Dry Tortugas Light
🇺🇸Florida Keys

Dry Tortugas Light – A Barely Visible Beacon Over Loggerhead Key

If you want to take your social distancing to the ultimate extreme while remaining in mainland USA, then Loggerhead Key is for you. The impossibly flat islet rests three miles west of Fort Jefferson, itself 68 miles from Key West. I was standing atop the ramparts of Fort Jefferson when I snapped this pic. As you can see, Loggerhead is nearly invisible from just a few miles away. At the same time, though, Loggerhead Key is also the largest of the Dry Tortugas islands. These factors, plus its precarious location in the middle of Gulf of Mexico shipping lanes, made Loggerhead the perfect spot for one of the USA’s most important lighthouses – Dry Tortugas Light.

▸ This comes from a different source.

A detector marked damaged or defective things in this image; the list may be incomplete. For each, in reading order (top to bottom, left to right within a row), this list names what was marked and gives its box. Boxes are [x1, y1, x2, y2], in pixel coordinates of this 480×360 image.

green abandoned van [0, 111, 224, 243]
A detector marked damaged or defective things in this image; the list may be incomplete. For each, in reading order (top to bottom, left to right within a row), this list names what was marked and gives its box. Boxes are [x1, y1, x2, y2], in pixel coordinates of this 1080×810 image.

The lighthouse, also known as Loggerhead Lighthouse, towers 157 feet into the sky. They originally flipped on the light back in 1858. It wasn’t until 1988, though, that the lighthouse became automated. Caretakers living here over the intervening 130 years would’ve had little worry over seeing too many other souls, much less contracting any prevailing maladies.

Dry Tortugas Light was decommissioned in 2015. No one lives on Loggerhead Key now. You’re welcome to visit, though, and explore a bit of the islet’s history and sandy natural surrounds. There are a few rules to follow, though…

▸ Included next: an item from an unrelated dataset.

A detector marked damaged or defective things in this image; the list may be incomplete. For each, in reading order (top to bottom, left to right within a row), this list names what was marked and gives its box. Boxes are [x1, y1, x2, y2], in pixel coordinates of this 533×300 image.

Visiting Dry Tortugas Light + Loggerhead Key

First: You’ll need your own private vessel. Public transportation to/from Loggerhead Key is just not an option.

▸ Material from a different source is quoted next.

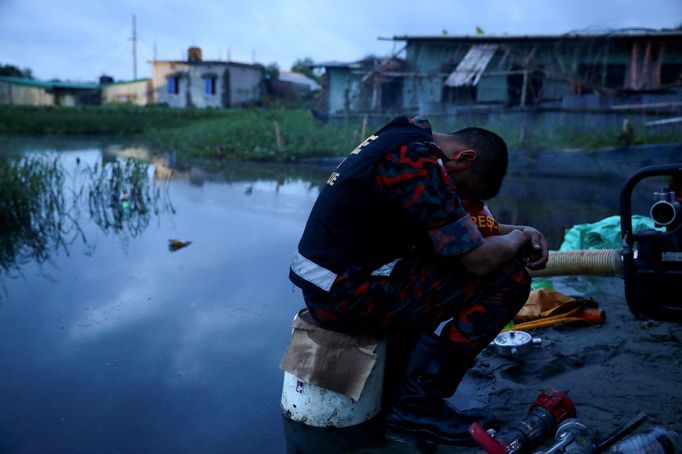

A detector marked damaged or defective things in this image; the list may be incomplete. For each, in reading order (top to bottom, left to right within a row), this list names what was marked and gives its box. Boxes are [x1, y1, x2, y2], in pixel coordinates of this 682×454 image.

damaged building [151, 47, 262, 108]
damaged building [314, 29, 680, 115]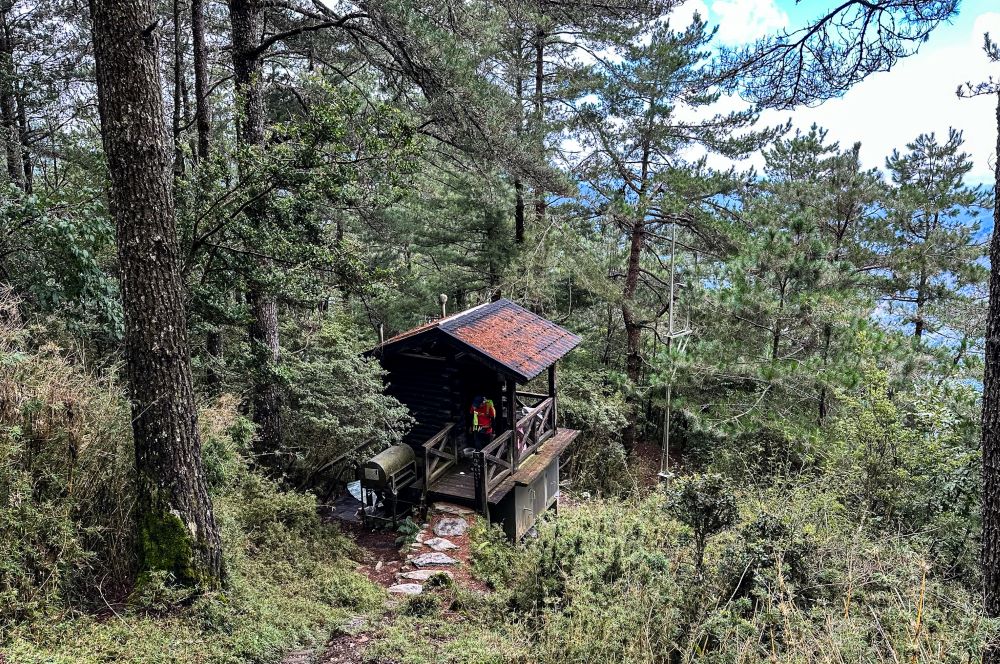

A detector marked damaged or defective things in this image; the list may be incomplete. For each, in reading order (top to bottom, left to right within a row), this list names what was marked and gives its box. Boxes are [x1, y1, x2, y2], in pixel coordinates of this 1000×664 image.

rusty metal roof [376, 300, 584, 382]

Second: You have to stop at Garden Key/Fort Jefferson to get a permit before proceeding to Loggerhead.

Third: It is strictly forbidden to drop anchor anywhere in the Dry Tortugas Research Natural Area. Mooring balls are available, though.

Fourth: You must stick to marked paths on Loggerhead Key. The lighthouse and all other structures are off-limits. 

Lastly, you have to leave before sundown as visitation is restricted to daylight hours.